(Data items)
▬▬▬

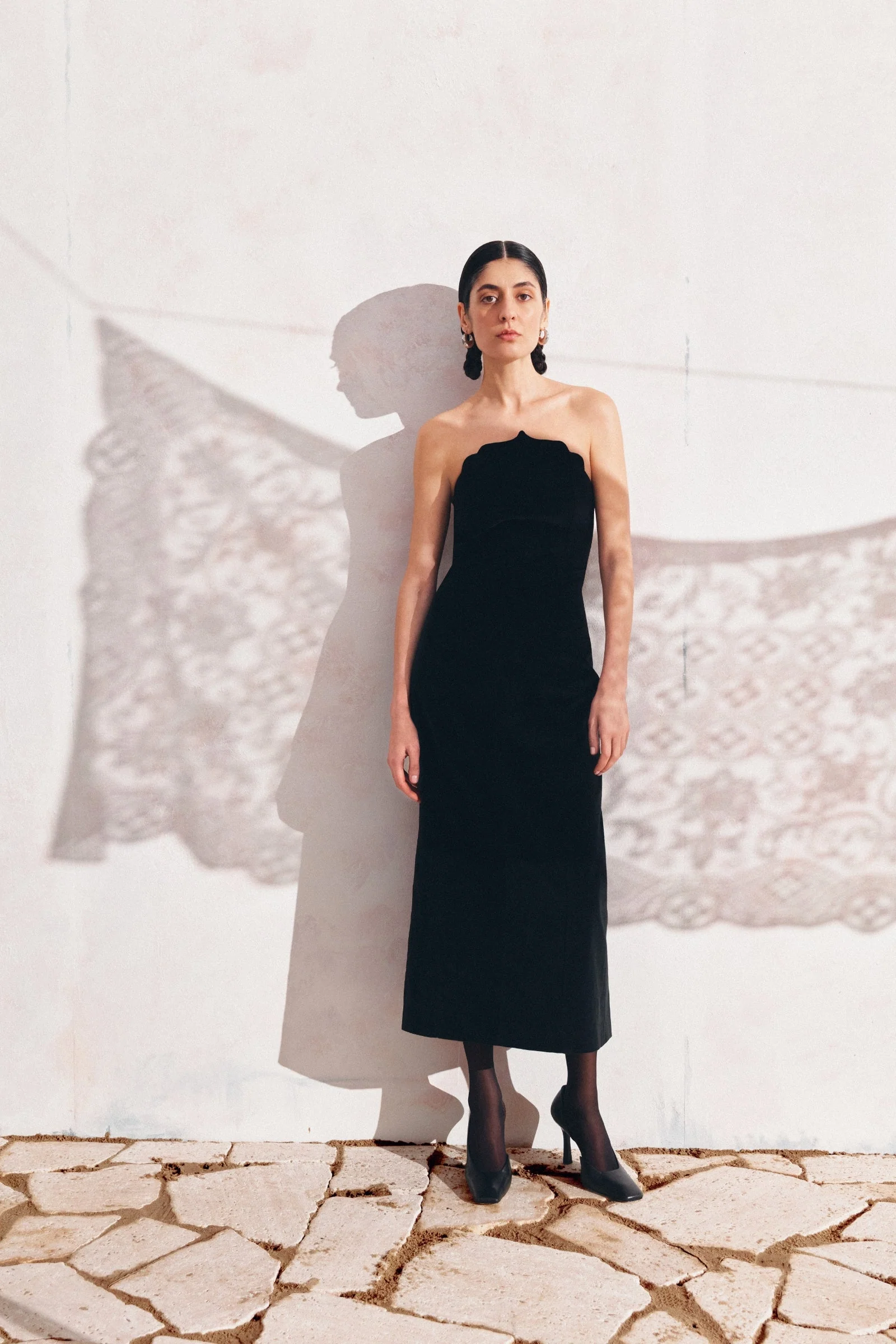 Saray Dress Shadow Black - Image 11
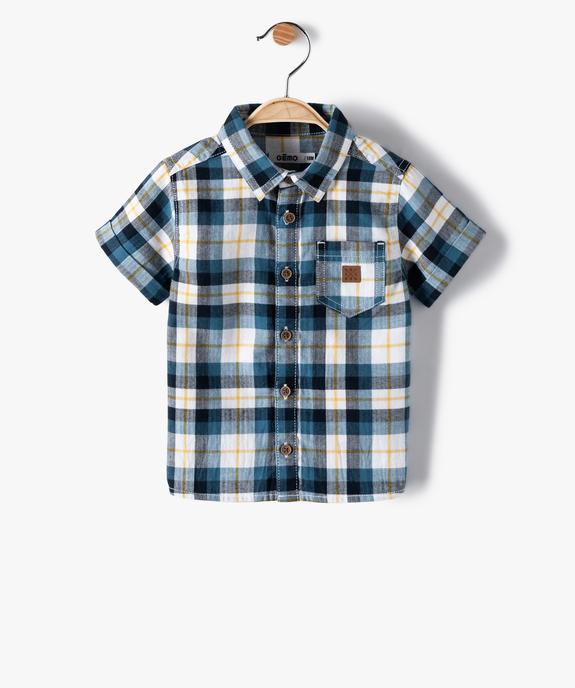 Chemise bébé garçon à manches courtes à carreaux vue1 - GEMO(BEBE DEBT) - GEMO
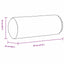 Bolsterpuder 2 pcs Creme Ø 25 x 70 cm Velourstof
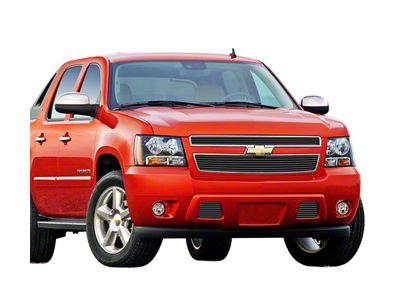Stainless Steel Billet Upper and Tow Hook Grille Insert; Black (07-14 Tahoe, Excluding Hybrid)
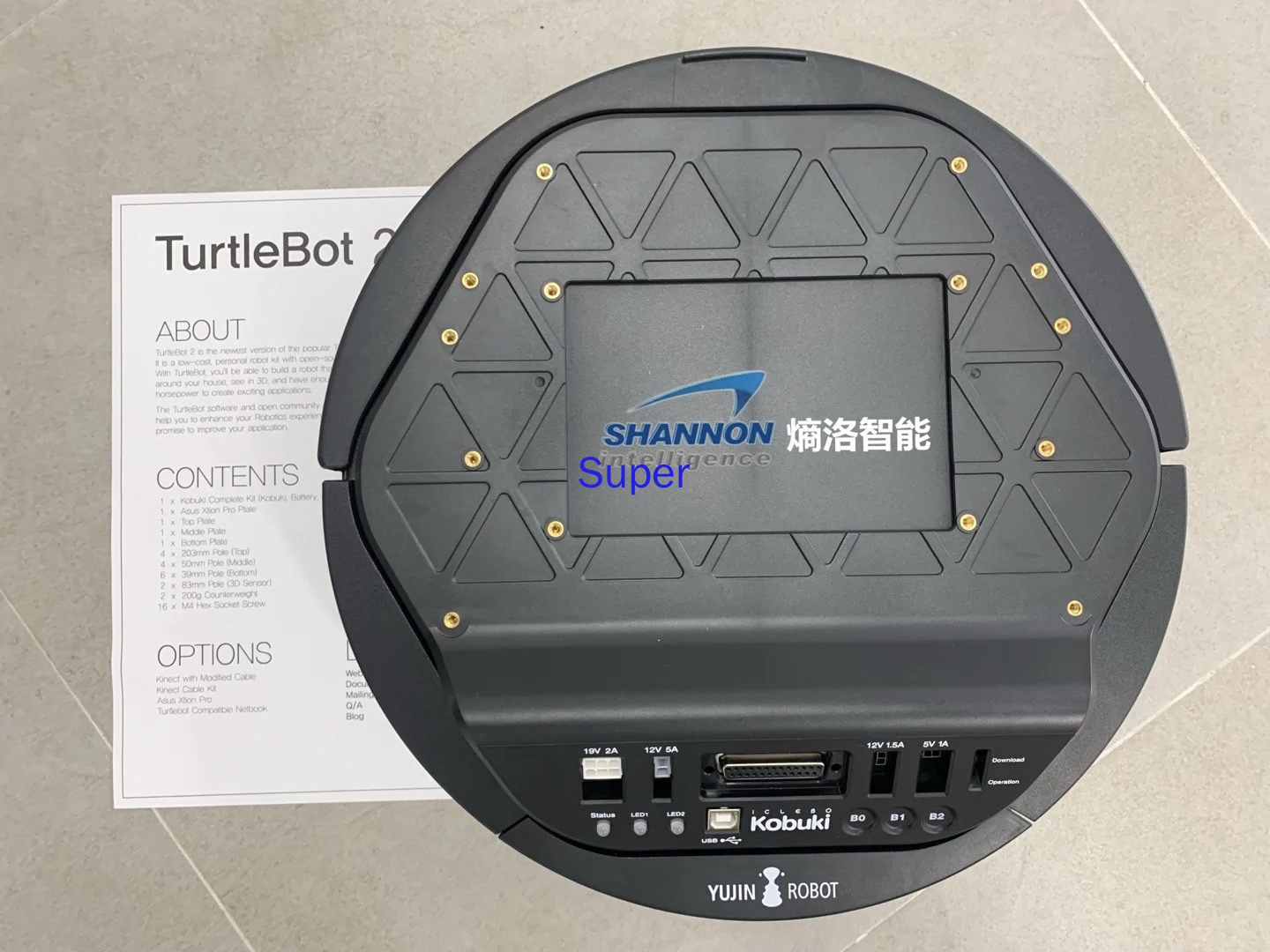 ROS Robot KOBUKI Mobile Chassis Secondary Development Platform Teaching Platform Intelligent Platform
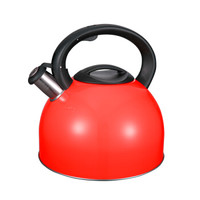 爱仕达 ASD 烧水壶304不锈钢水壶 4L鸣音 煤气电磁炉通用烧水壶 HS04T1WG-R（红色）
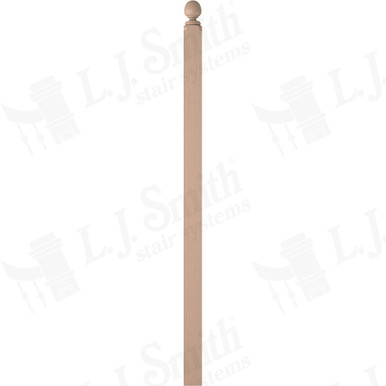 L.J. Smith 3-1/2" Intermediate Landing Newel · LJ-4006-COL-M — stair parts selection with LeviArs Design & Remodeling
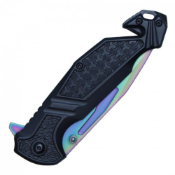 Neptune Wartech Half-Serrated Spear Point Folding Knife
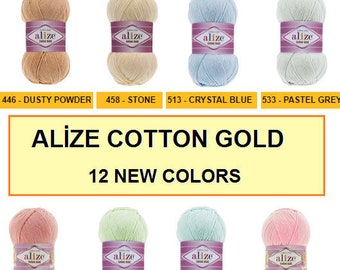 Alize Cotton Gold, Cotton yarn, Knitting Yarn, Bikini Yarn,amigurumi yarn,crochet yarn, baby yarn, swimsuit yarn, acryic yarn, lingerie yarn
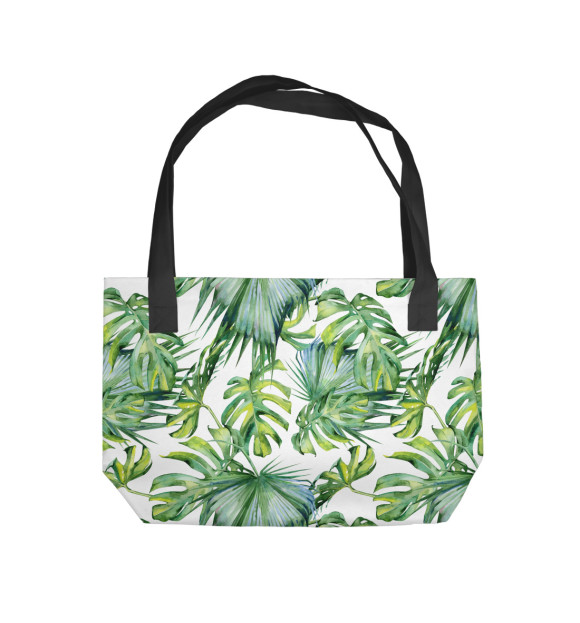 Пляжная сумка с изображением Джунгли цвета 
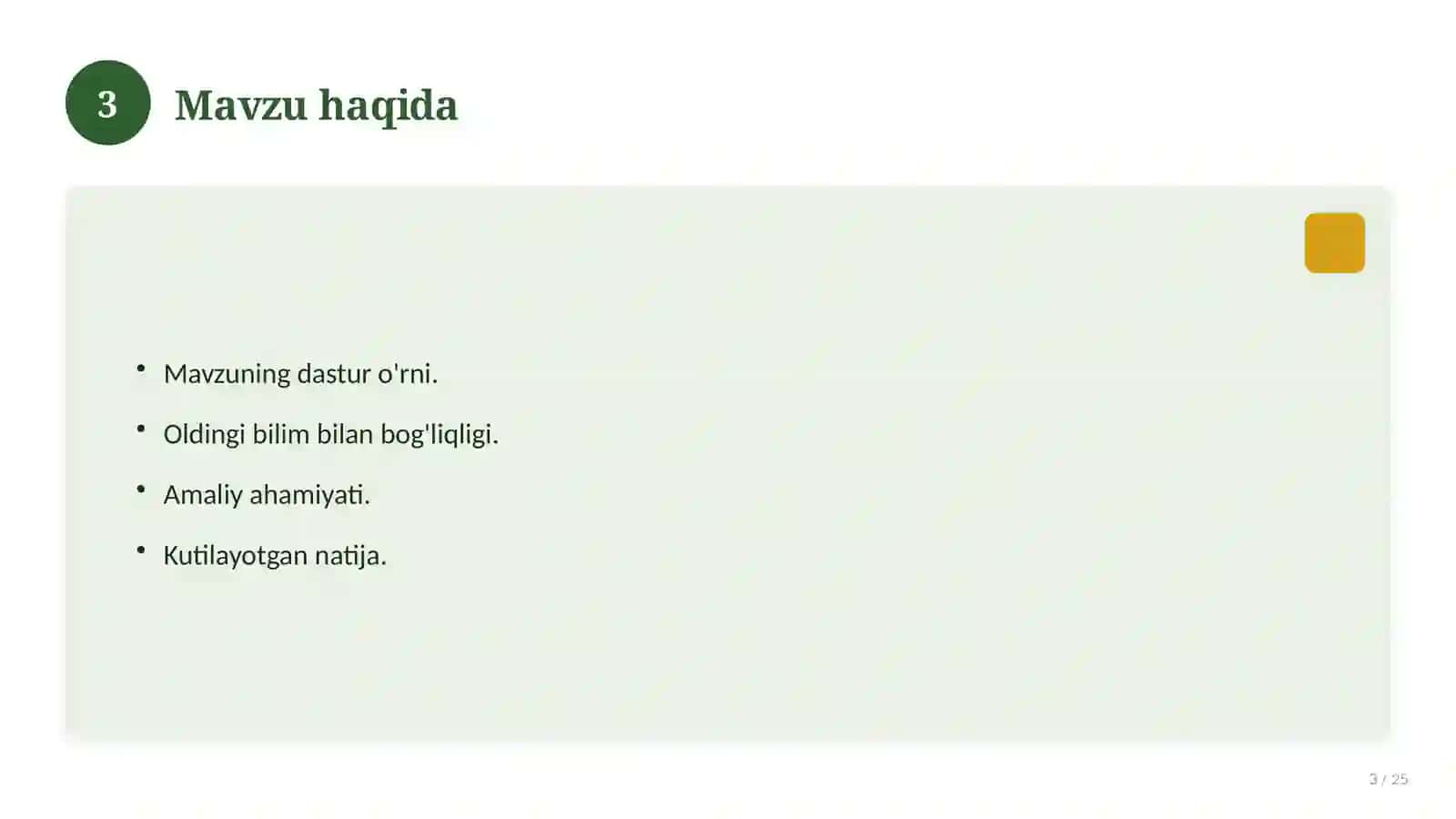 Tarbiya fanidan 1-sinf: didaktik tarqatma materiallar 3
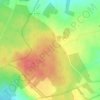 Mappa topografica Bois des Hauts Cornets, altitudine, rilievo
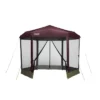 Coleman Back Home 10.5'x9' One Peak Screened Shelter - Maroon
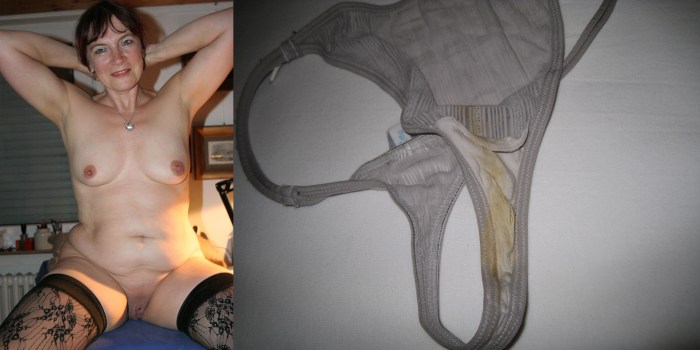 Pussy in thongs homemade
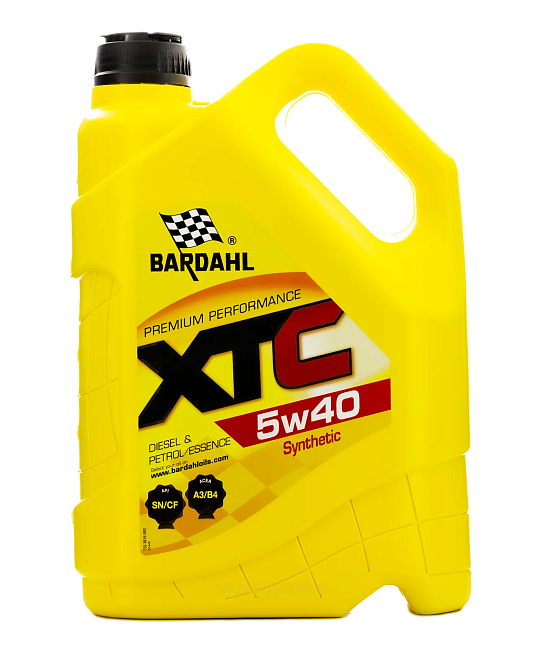 картинка Синтетическое моторное масло Bardahl 5W40 XTC SN/CF - 5L магазин  StreetTuning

▬▬▬

**What the exercise asks**
Output exactly the lines from the line containing "Пляжная сумка с изображением Джунгли цвета" through the last line of the records, both included, and leave out every picture.

**Task solution**
 Пляжная сумка с изображением Джунгли цвета 
 Tarbiya fanidan 1-sinf: didaktik tarqatma materiallar 3
 Mappa topografica Bois des Hauts Cornets, altitudine, rilievo
 Coleman Back Home 10.5'x9' One Peak Screened Shelter - Maroon
 Pussy in thongs homemade
 картинка Синтетическое моторное масло Bardahl 5W40 XTC SN/CF - 5L магазин  StreetTuning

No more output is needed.